Throughout February, state humanities councils will host events across the country to commemorate Black History Month. These events are made possible by federal funding through the National Endowment for the Humanities’ Federal/State Partnership. State councils also receive funding from private donations, foundations, corporations, and, in some cases, state governments. Here are a few upcoming events:
- The Colorado Humanities Council will host Black History Live from February 3rd to 8th at locations throughout the state. They will feature Chautauqua scholar Charles Everett Pace’s portrayal of Malcolm X, which explains how a “marginalized outsider became an influential insider.”
- On February 15th and 26th the Pennsylvania Humanities Council will host an event called The Underground Railroad in Quilts. The event will highlight the debate between historians as to whether or not slaves used quilts to pass along information that would help guide escaping slaves on their way to freedom.
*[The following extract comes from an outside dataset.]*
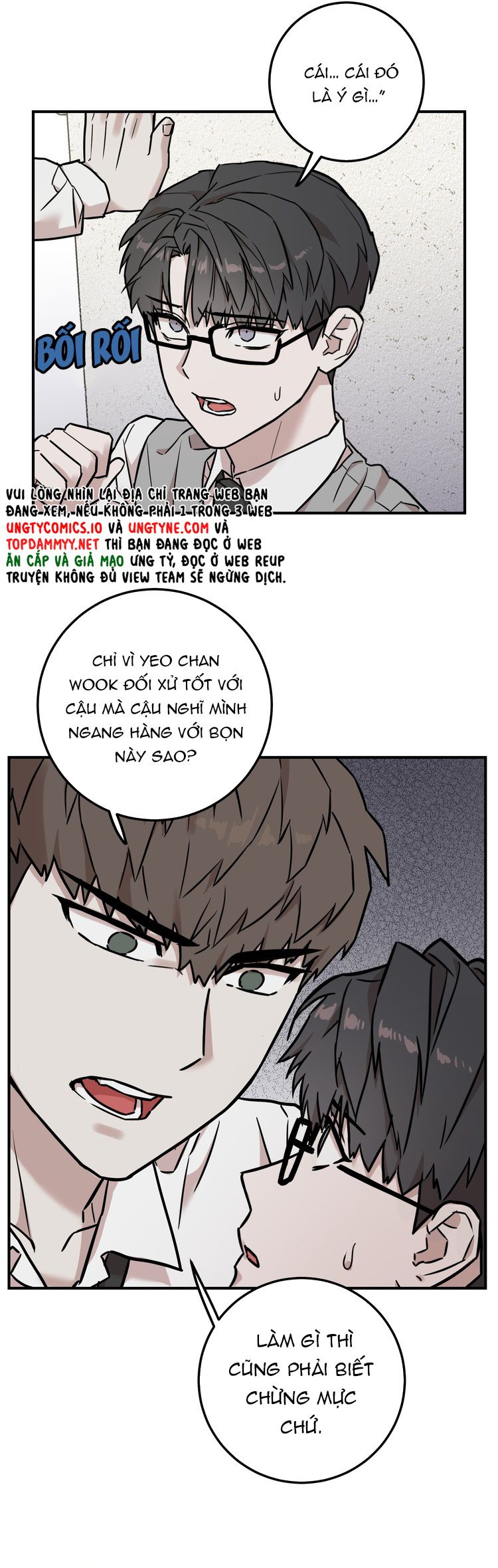 Kính donbrik Chapter 5-FIX - Next Chap 6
Authentic 19th century quilts as well as reproductions will be displayed, to help the general public explore the messages that the quilts may have conveyed.
- Humanities Tennessee will open an exhibit at the Tennessee State Museum titled Slaves and Slaveholders of Wessyngton Plantation. The exhibit, which opens February 11th, will examine one of the largest tobacco plantations in the country and highlight the varying experiences of its slaves.
- From February 1st-March 31st, the Avon Historical Society in conjunction with the Connecticut Humanities Council will launch an exhibit, Pioneers of the Liberty Race-The CT 29th Colored Infantry, which will focus on the role African-American men and women played in the Civil War. The exhibit will spotlight the role of the Connecticut 29th Colored Regiment and Private Leverett Holden (who served in it).